¹ Hangzhou Dianzi University
² Hangzhou Institute of Technology, Xidian University
³ AiSketcher Tech
⁴ ISN State Key Laboratory, Xidian University

Abstract

Neural radiance fields (NeRF) based methods have shown amazing performance in synthesizing 3D-consistent photographic images, but fail to generate multi-view portrait drawings. The key is that the basic assumption of these methods -- a surface point is consistent when rendered from different views -- doesn't hold for drawings. In a portrait drawing, the appearance of a facial point may changes when viewed from different angles. Besides, portrait drawings usually present little 3D information and suffer from insufficient training data. To combat this challenge, in this paper, we propose a Semantic-Aware GEnerator (SAGE) for synthesizing multi-view portrait drawings. Our motivation is that facial semantic labels are view-consistent and correlate with drawing techniques.

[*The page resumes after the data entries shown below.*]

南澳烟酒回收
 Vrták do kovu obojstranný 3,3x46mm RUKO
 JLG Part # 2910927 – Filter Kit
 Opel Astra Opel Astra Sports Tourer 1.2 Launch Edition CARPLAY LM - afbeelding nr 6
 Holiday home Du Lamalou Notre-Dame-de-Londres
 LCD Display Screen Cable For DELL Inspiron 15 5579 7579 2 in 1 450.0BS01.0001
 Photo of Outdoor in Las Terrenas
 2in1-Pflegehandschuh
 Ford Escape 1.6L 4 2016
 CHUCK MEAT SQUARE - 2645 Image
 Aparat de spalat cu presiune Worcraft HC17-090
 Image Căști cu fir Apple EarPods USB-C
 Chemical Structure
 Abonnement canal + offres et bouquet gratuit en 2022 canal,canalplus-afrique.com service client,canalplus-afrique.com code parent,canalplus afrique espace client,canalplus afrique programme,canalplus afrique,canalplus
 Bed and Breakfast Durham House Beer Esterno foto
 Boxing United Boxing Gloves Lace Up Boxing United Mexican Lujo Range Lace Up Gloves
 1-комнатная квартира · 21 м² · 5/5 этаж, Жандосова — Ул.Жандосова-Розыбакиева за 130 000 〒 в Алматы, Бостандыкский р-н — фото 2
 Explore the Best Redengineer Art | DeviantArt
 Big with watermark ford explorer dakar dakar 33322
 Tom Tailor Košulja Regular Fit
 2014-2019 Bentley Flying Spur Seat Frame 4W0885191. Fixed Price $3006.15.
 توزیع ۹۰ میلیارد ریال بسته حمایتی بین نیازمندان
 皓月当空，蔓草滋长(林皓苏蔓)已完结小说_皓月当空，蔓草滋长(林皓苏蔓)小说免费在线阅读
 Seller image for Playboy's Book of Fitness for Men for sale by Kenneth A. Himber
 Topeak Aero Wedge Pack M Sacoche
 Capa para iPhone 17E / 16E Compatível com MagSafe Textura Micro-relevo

We therefore propose to collaboratively synthesize multi-view semantic maps and the corresponding portrait drawings. To facilitate training, we design a semantic-aware domain translator, which generates portrait drawings based on features of photographic faces. In addition, use data augmentation via synthesis to mitigate collapsed results. We apply SAGE to synthesize multi-view portrait drawings in diverse artistic styles. Experimental results show that SAGE achieves significantly superior or highly competitive performance, compared to existing 3D-aware image synthesis methods.

Pipeline

Pipeline of our semantic-aware portrait drawing generator, SAGE. The feature projector G_F generates feature maps F> and normalization parameters w, which control content and viewpoints of generated faces. In Stage-I, we train the feature projector G_F, semantic decoder G_s, and image decoder G_I to enable the generator producing multi-view facial photos and semantic masks. In Stage-II, we add the portrait drawing decoder G_p, and refine all decoders for synthesizing high quality portrait drawings based on features of photographic faces.